Google said Nov. 14 that it has figured out why its DoubleClick advertising service went wonky the morning of Nov. 12, impacting more than 55,000 Websites displaying their content.
The huge Web services provider, in an email to eWEEK and other users, said it has determined a new strategy to prevent it from happening again.
The Web-serving mechanism that serves up millions of ads and targets them to specific sites sustained a major outage that slowed ad delivery or blocked access to 55,185 Websites, according to Dynatrace, an application performance management (APM) service provider. Those sites included eWEEK.com and other QuinStreet sites, such as CIO Insight, Baseline, IT Business Edge, Datamation and Enterprise Networking Planet.
Others affected were USA Today, the Wall Street Journal, Forbes, BBC.com and YouTube.
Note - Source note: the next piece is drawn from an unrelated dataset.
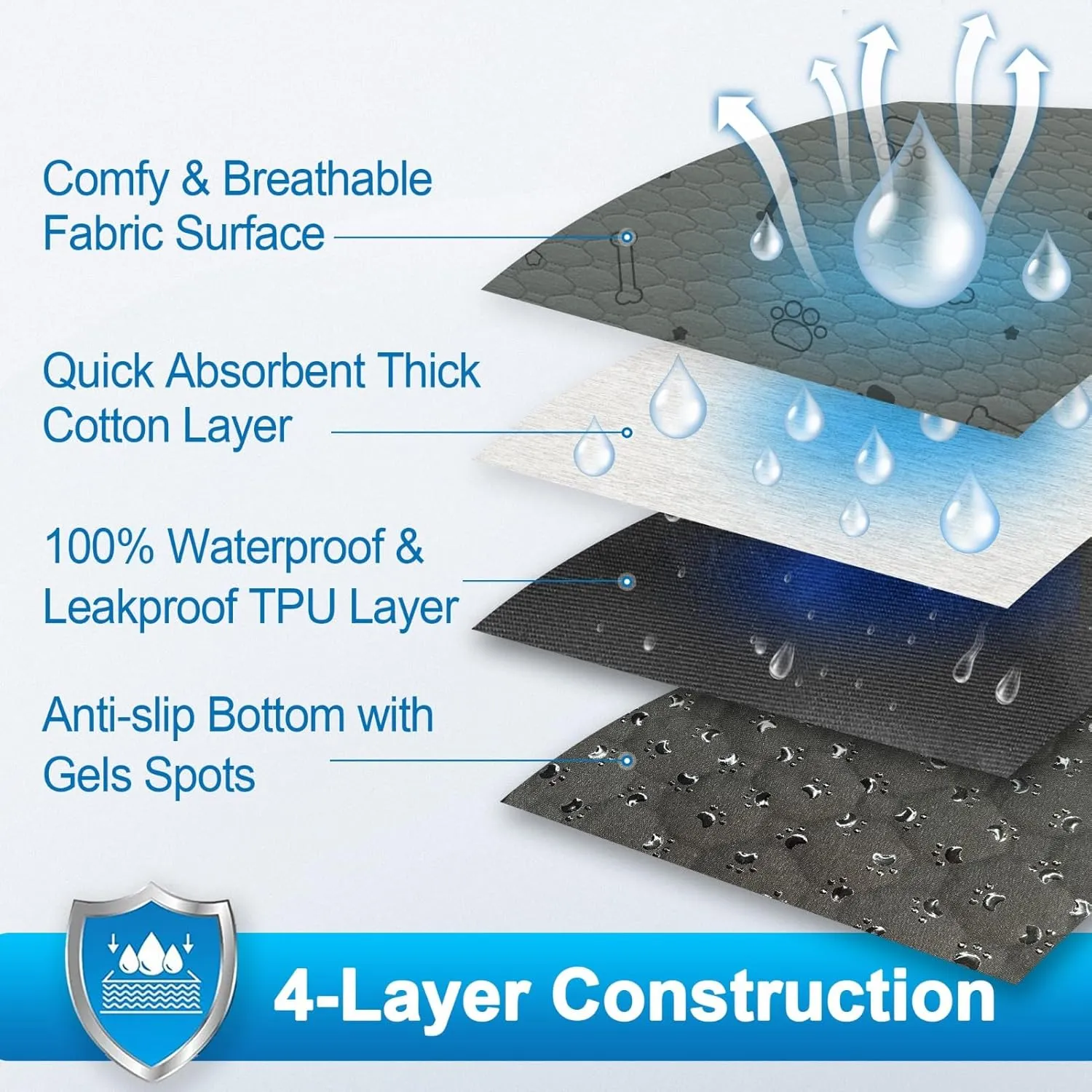 Washable Pee Pads for Dogs - 2-Pack Super Absorbent Reusable Puppy Training Pads- 100% Waterproof Whelping Pads Non-Slip Dog Mats for Floor Protector, Couch Cover, Crate, Potty Training -18" x 24"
The Guardian and the Enquirer news sites in the U.K. also were hit.
Google reported that the outage lasted about two hours, from 5:45 a.m. PST to 7:31 a.m. PST.
In some cases, such as eWEEK's, the non-delivery of the ads blocked sections of content on the site's home and article pages from resolving correctly in browsers. In other cases, no ads were served, and sites loaded faster than normal—to the delight of some readers.
"This was the first DFP (DoubleClick for Publishers) outage of this significance for many years and we take it very seriously," Google executives Neal Mohan (vice president, Display and Video Advertising) and Scott Silver (vice president, Engineering) wrote in a memo to users. "Our team's first priority was restoring service and making sure the immediate issue would not recur. We are writing now to explain what happened and what we are doing to protect against future incidents."
The details, according to Mohan and Silver, were:
- "The DFP ad server relies on an internal service that began degrading in performance. This caused a cascading failure on DFP ad servers, leading to the outage."
- "We designed our systems to gracefully handle performance degradation from dependent services. However, due to a misconfiguration, we were unable to prevent the outage."
- "To restore ad serving and prevent cascading failures, we restarted the services by provisioning additional resources."
- "We reproduced the failure in a test by degrading the availability of the internal service, proving the misconfiguration caused the cascading failures. We have since rolled out a fix to the configuration globally."
- "We are conducting a complete review of all our processes and production configurations to prevent this from happening again."
Data from Dynatrace indicated that almost every industry was impacted by the outage, including travel, news, entertainment and retail sites.
"It's rare for an organization of this maturity to suffer a major outage. These people are really good," David Jones, director of sales and APM evangelist at Dynatrace, told eWEEK. "We've seen nothing of this scope in recent memory."